◆ What you should do
Copy the data exactly; pictures stay out of the copy.

◆ Exercise inputs
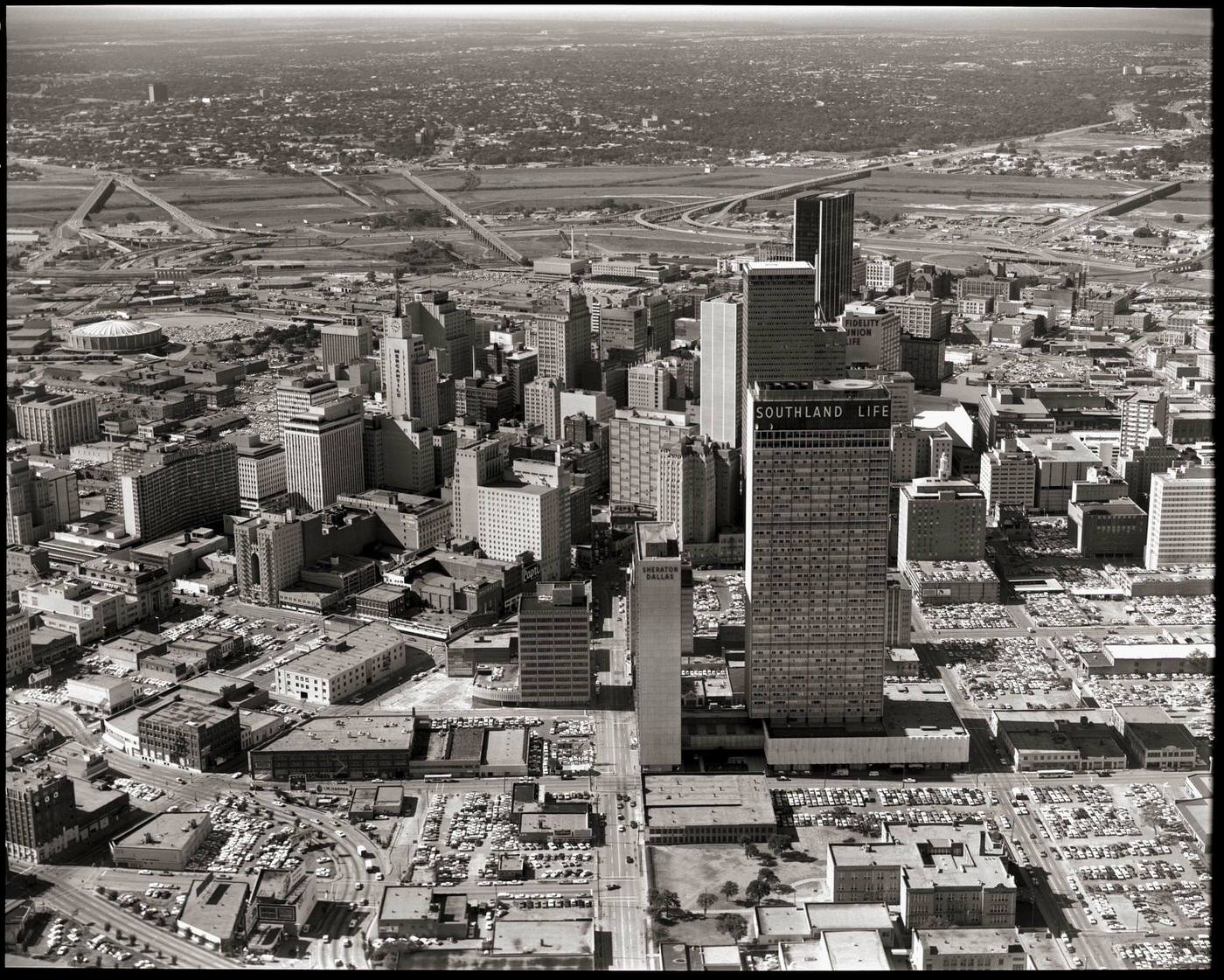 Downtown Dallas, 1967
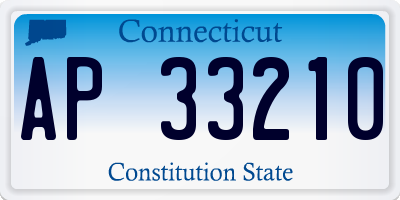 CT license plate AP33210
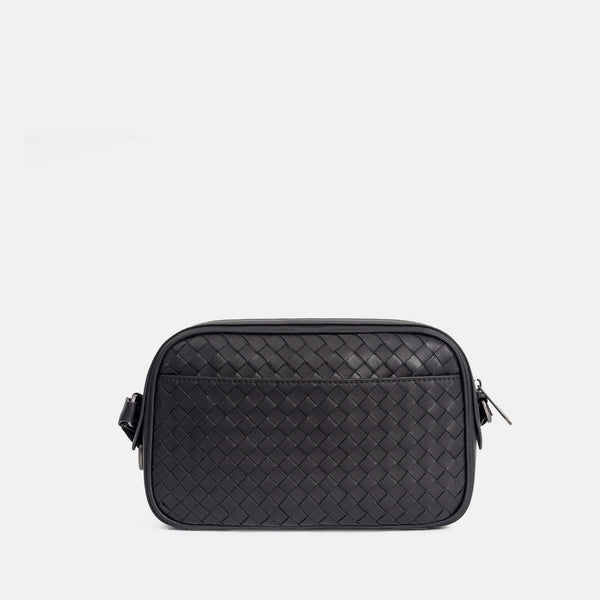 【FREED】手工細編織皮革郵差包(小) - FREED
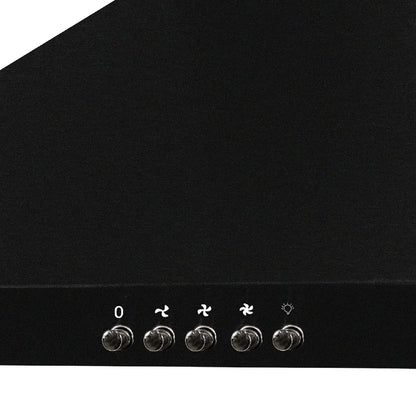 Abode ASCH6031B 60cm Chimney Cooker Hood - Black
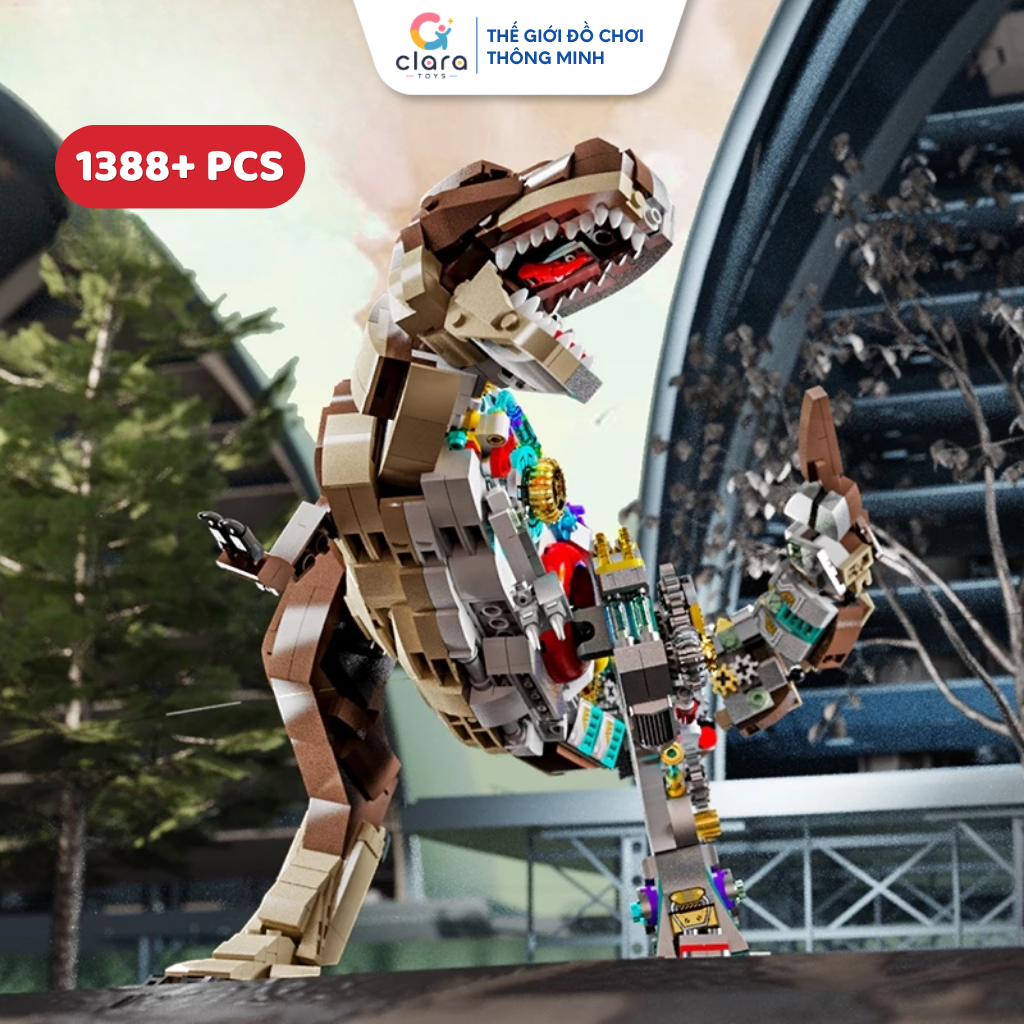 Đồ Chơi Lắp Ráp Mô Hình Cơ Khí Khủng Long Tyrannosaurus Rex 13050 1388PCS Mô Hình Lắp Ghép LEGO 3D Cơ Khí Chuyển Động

◆ Solution to this task
 Downtown Dallas, 1967
 CT license plate AP33210
 【FREED】手工細編織皮革郵差包(小) - FREED
 Abode ASCH6031B 60cm Chimney Cooker Hood - Black
 Đồ Chơi Lắp Ráp Mô Hình Cơ Khí Khủng Long Tyrannosaurus Rex 13050 1388PCS Mô Hình Lắp Ghép LEGO 3D Cơ Khí Chuyển Động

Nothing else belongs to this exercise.